All turners know that dust is one of the hazards, but often aren’t sure how dangerous it is. Turners are exposed to dust concentrations significantly higher than the safety standards set for industrial workers. But few are exposed for eight hours a day, every day, the assumption behind those standards. Only a small proportion of hobby turners are likely to suffer serious harm.
Dust control is achieved in the turning workshop by effective collection at source, with a breathing mask if the extraction fails to capture all the dust. For more information, see my articles on wood dust and dust control.
Machinery and turning
Spinning wood can badly injure or even kill people. If spinning too fast, it can break up. The fragments will then fly in a straight line with all the kinetic energy given to them by the lathe motor. A key left in the chuck when the lathe is switched on will be flung out. An incorrectly presented tool can dig in, wrenching the wood as well as perhaps throwing the tool. If the timber is not held securely, it can come loose and hit someone, but while it remains in one piece, much of its kinetic energy is rotational. You don’t want it hitting you, but if it does, the force of impact will usually be less than the hammer blow you could receive from half of a large bowl blank.
Sharp edges on the rotating timber can cut. The rotating drive centre or chuck, and the workpiece, can entangle hair or clothing, pulling you in with great and sudden force. Something will have to give, and that’s a battle the lathe will win. Rags or steel wool wrapped round your fingers can drag them in. Projecting chuck jaws can trap your fingers against the tool rest or send a sharp cutting tool flying. The hollow Morse taper in the headstock will grab anything put into it, including a finger. The lathe’s drive belt could easily break your fingers against the pulley. A poorly presented cutting tool catching in the wood and snapping down onto the toolrest can pinch fingers. A Jacobs chuck can work loose from the spindle taper and perhaps be flung across the shop.
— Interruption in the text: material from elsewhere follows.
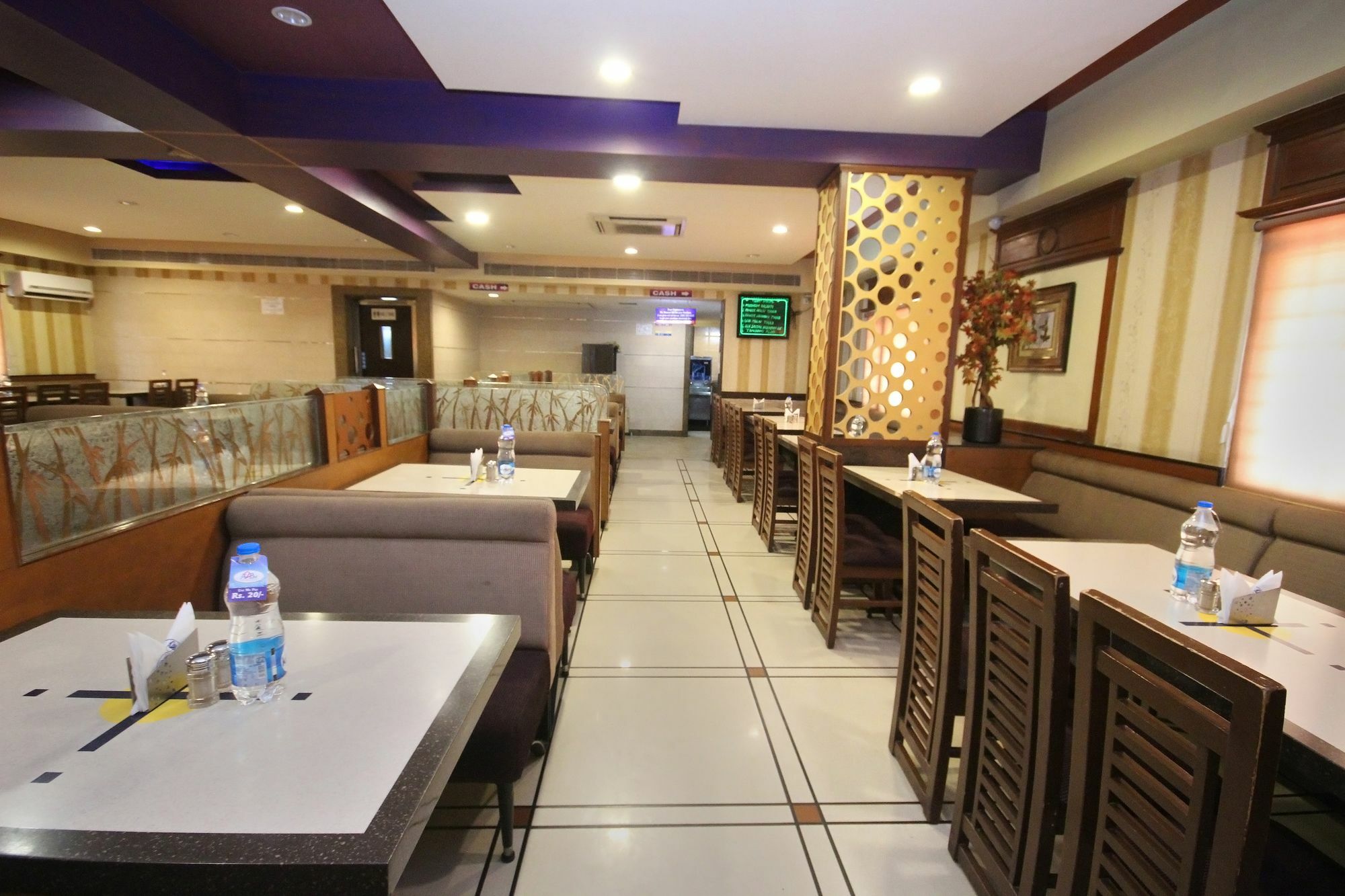 Oyo 579 Hotel Aab Bangalore Esterno foto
Turners typically use other machinery, including bandsaw, chain saw, grinder, sander, drill, table saw and others, all with their own specific hazards. They may have rotating cutters and parts that can entangle hair or clothing, finger trapping points (for example between a grinding wheel and its tool rest).
Tie back long hair when using any machinery with exposed rotating parts. Don’t wear long sleeves or loose clothing or jewellery that might catch. Don’t take chances with poorly gripping chucks or weak fixing on a faceplate. Keep the lathe speed down when turning heavy pieces, particularly when they are not balanced – always check the speed before switching on. Don’t use timber with dangerous cracks or bark inclusions or rotted areas. Keep out of the ‘line of fire’. Make sure the off switch is within reach. Take off the sharp edge on a bowl rim with a tool or abrasive. Don’t use a chuck with projecting jaws. Don’t ever put your finger into the taper while the lathe is running. Move the toolrest out of the way when sanding. Use paper instead of rag when polishing, and don’t wrap steel wool round your finger.
Never leave the chuck key in the chuck. Handle cutting tools with care around the spinning wood to avoid accidental contact, and don’t have your finger between the tool and the toolrest. Don’t turn large heavy pieces until you have plenty of experience of smaller ones – learn to walk before you run. Some lathes have steel mesh guards to stop flying chunks of wood. Wear good quality full face protection, properly adjusted – chips can fly up under a face shield and get in your eyes, unpleasant at the least. Don’t use gloves if they might catch. (If flying chips hurt your hands, reduce the speed or put a chip deflector on the gouge. If your hands are cold, turn the heating up.) And if using a Jacobs chuck without tailstock support, fit a draw bar to keep it secure.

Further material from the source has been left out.